Bond Funds, including mutual funds and Exchange Traded Funds (ETFs), that invest in a wide variety of bonds (both government and corporate) have done well since the financial crisis of 2008 and 2009. The reason why Bond Funds have done well in recent years is because investors who were spooked by the sharp drop in the stock market in 2008 and 2009 sought out safer places to invest their money. Not wanting to put their cash in low yielding bank savings accounts, investors piled into Bond Funds, which pushed the price of Bond Funds higher.
Many investors have done well over the past two to three years with the strategy of investing their money in Bond Funds, as their money has been earning a decent steady rate of return. The weak economic recovery and reluctance of the Federal Reserve to raise interest rates has caused demand for bonds and Bond Funds to continue to be strong, which has supported the price of Bond Funds, as strong money flows have keep buy side pressure on Bond Funds.
While investors jumped into Bond Funds because they were looking for a safe haven during the 2008 and 2009 financial crisis, investment advisors recommend maintaining a 20% to 30% investment in highly rated bonds during all times to diversify one’s investments across multiple asset classes.
With bonds and Bond Funds currently at elevated levels due to the buying pressure over the past three years, the question must be asked whether buying Bond Funds is currently risky since in a normalized economy the bonds and Bond Funds should revert to their mean and fall in price. Those who brought Bond Funds before or early on in the 2008 and 2009 financial crisis are sitting on good positions that have earned interest over time, and have little risk of losing money on the principal that they invested in Bond Funds. However, those who are contemplating purchasing Bond Funds now, at their current elevated price levels, need to realize that there is a real risk that once the economy returns to normal, and growth rates and interest rates start to rise, the Bond Funds will fall in price, as buying pressure eases and holders of bonds and Bond Funds sell. This will put their investment capital at a risk of a slight loss as the value of the Bond Funds they hold decrease.
The potential for a slight loss from buying Bond Funds now may seem acceptable to some investors since the economy currently appears to be slowing, and another recession may be on our doorstep. Another recession would ensure that Bond Funds will maintain their elevated levels for a prolonged period of time, allowing the buyer of Bond Funds to recoup some of their initial investment via interest payments on the bonds held by the Bond Funds.

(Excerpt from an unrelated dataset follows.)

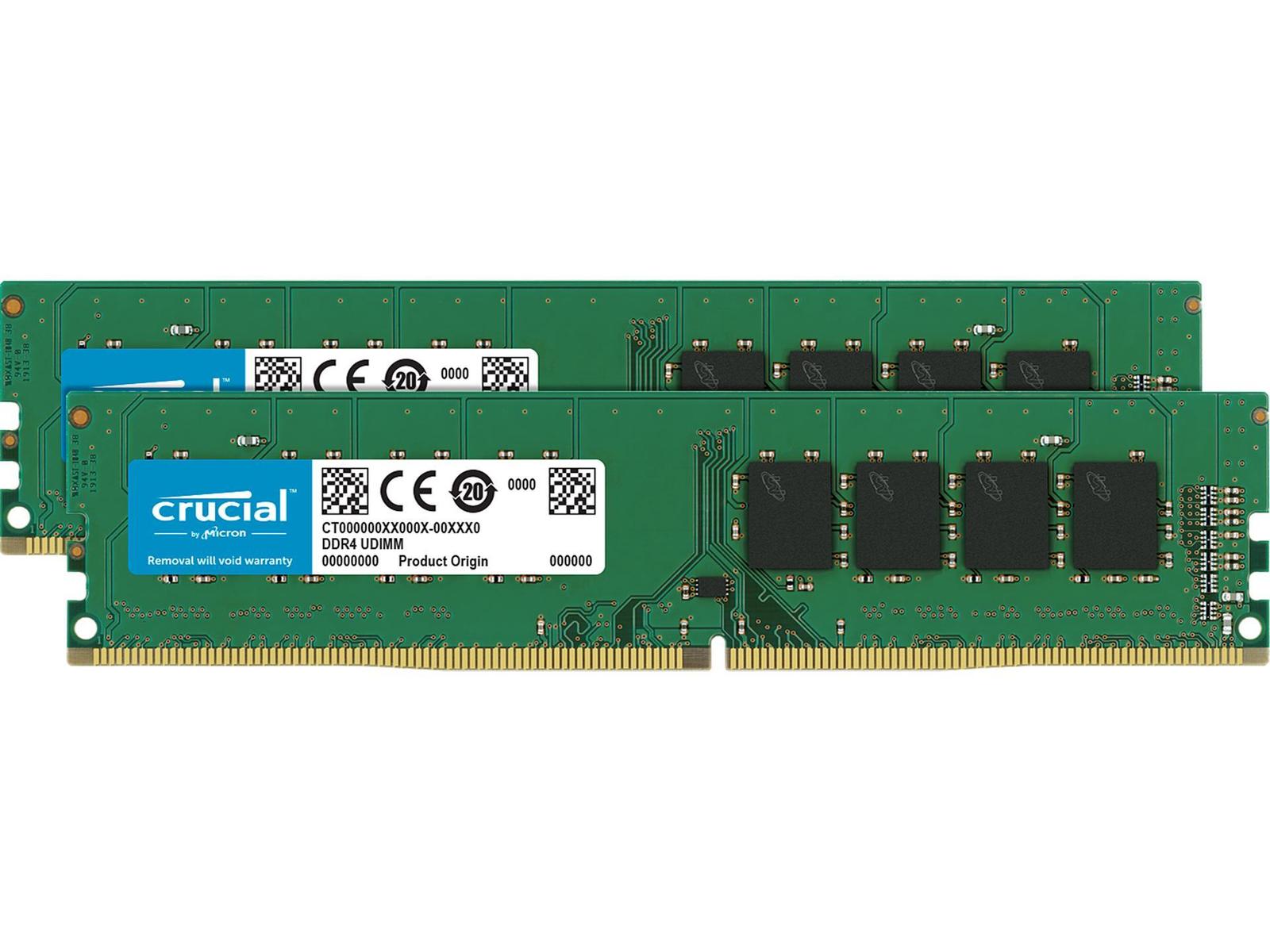 Crucial CT2K16G4DFD8266 32 GB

It should be noted that due to concerns about defaults in municipal bonds, Bond Funds that invest in municipal bonds are actually at depressed levels, so the risk of buying these funds at elevated levels is not a factor. However, funds invested in municipal bonds could fall substantially if defaults in municipal bonds occur on a widespread scale due to another recession causing cash flow problems for state and local governments. For more information about municipal bonds, see: Municipal Bonds Offer a Safe Way to Earn Tax Free Income.
There are many different Bond Funds that invest in a wide variety of bonds with various bond ratings and maturity dates. Although, the risk associated with buying Bond Funds now and incurring a loss of principal when the economy recovers is something to consider, Bond Funds are worth considering for the relative safe and secure returns that they provide.